Friday, January 6, 2017
Two-Sided Market Definition and Competitive Effects for Credit Cards After United States v. American Express
J. Gregory Sidak, Criterion & Robert D. Willig, Princeton analyze Two-Sided Market Definition and Competitive Effects for Credit Cards After United States v. American Express.
ABSTRACT: In September 2016, the U.S. Court of Appeals for the Second Circuit issued a decision that recognized and applied important economic principles concerning the antitrust analysis of single-firm conduct in two-sided markets. The Second Circuit reversed a February 2015 decision of the U.S. District Court for the Eastern District of New York that found Amex’s “non-discriminatory provisions” (NDPs), which prohibited merchants from steering customers toward using other credit cards that charge lower merchant fees, unreasonably restrained trade and violated section 1 of the Sherman Act.

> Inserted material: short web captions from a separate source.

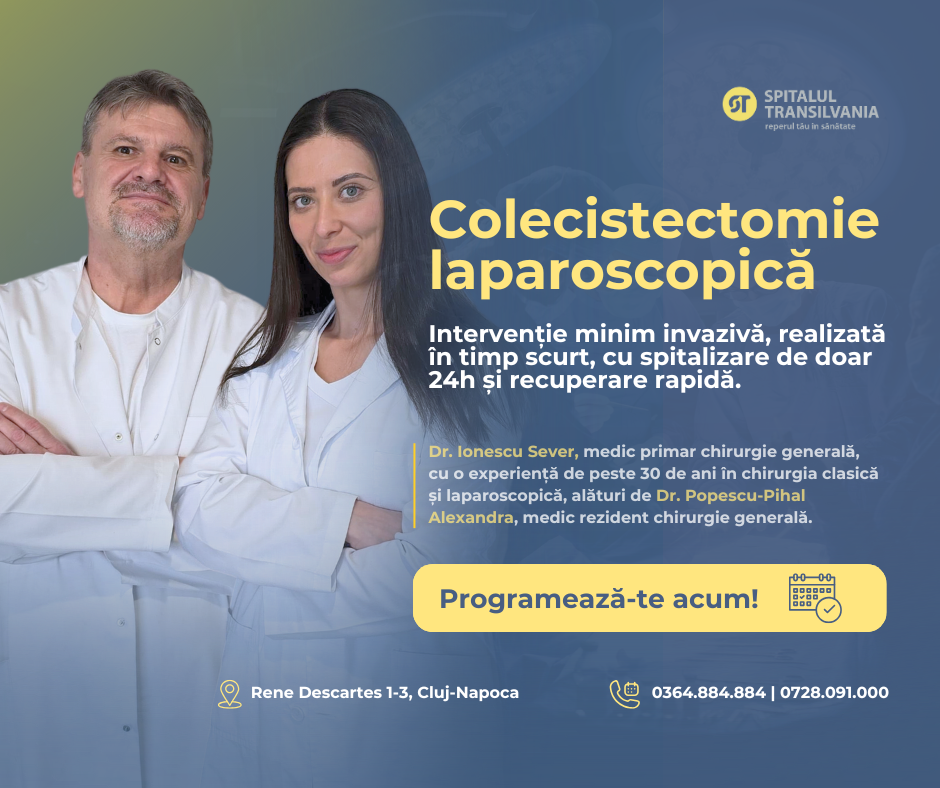 Banner colecistectomie laparoscopică la Spitalul Transilvania Cluj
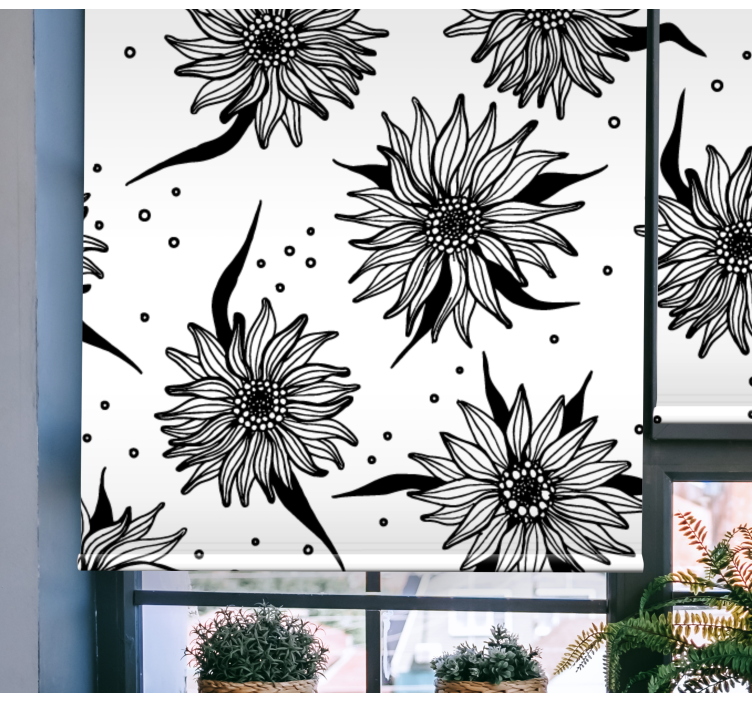 Black and white sunflowers floral roller blind - TenStickers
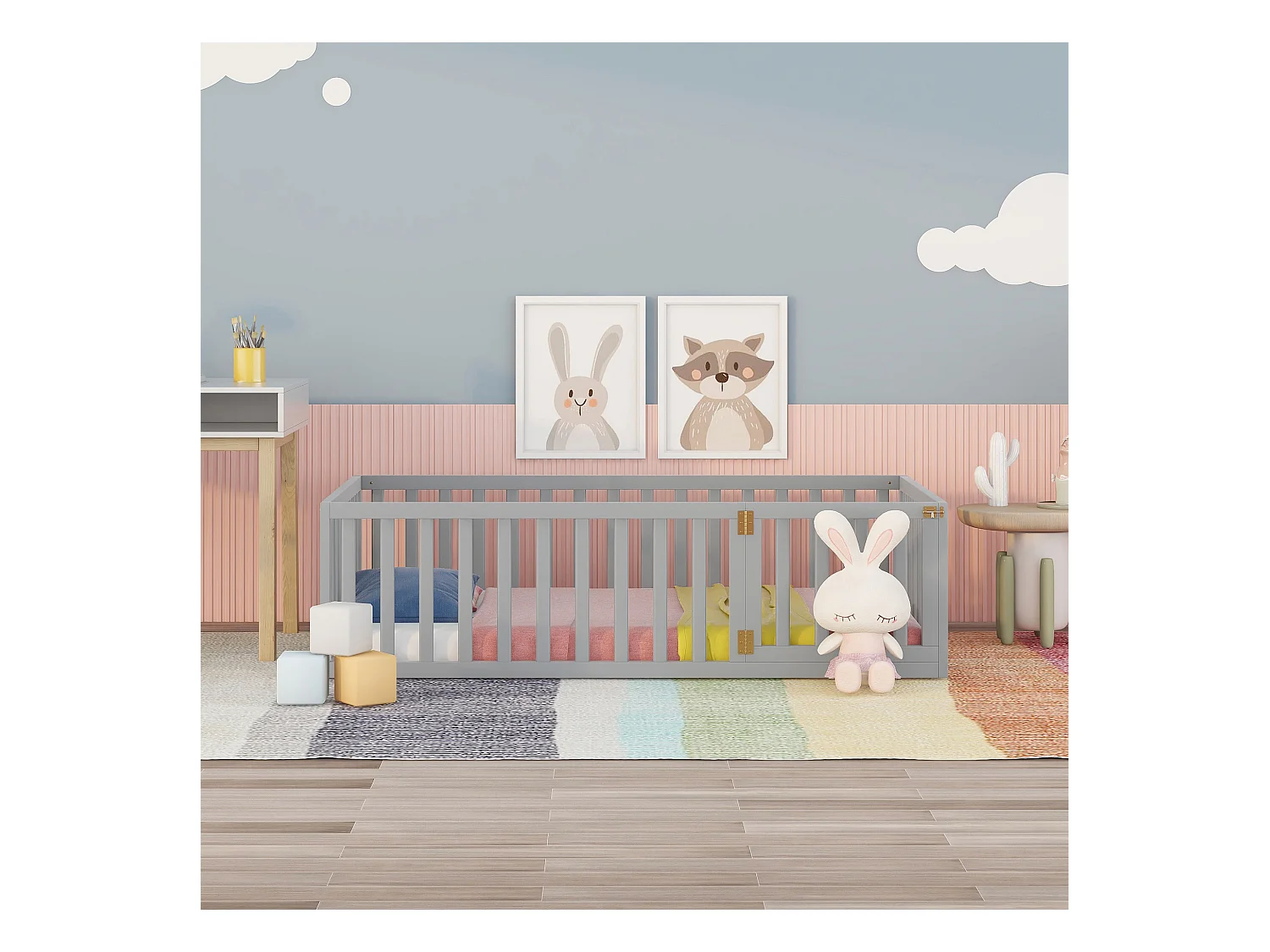 Kinderbed 90 x 200, houten vloerbedframe met hek en deur, grijs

Specifically, the district court found that the government had shown by a preponderance of the evidence that Amex’s use of NDPs created an environment in which credit-card networks had little incentive to lower merchant fees, which allegedly restricted interbrand competition among those networks. The Second Circuit, however, found that the district court’s analysis focused erroneously on only the merchant side of the market. Consequently, the Second Circuit reversed the district court’s conclusions that Amex possessed significant market power and that its NDPs had an actual adverse effect on competition as a whole. In a two-sided market, network externalities exist between the two sides. The value that a consumer on one side of the market derives from her consumption of the good or service increases as the number of consumers on the other side of the market increases. Hence, the proper definition of a two-sided market must focus on how a hypothetical monopolist’s small but significant and nontransitory increase in price (SSNIP) on one side of the market would affect demand on both sides of the market. Similarly, a two-sided market analysis is necessary to examine the effects that the challenged conduct has on market competition. Examining only one side of the market would necessarily distort the outcome of that analysis and could condemn legitimate business conduct that enhances, rather than decreases, consumer welfare.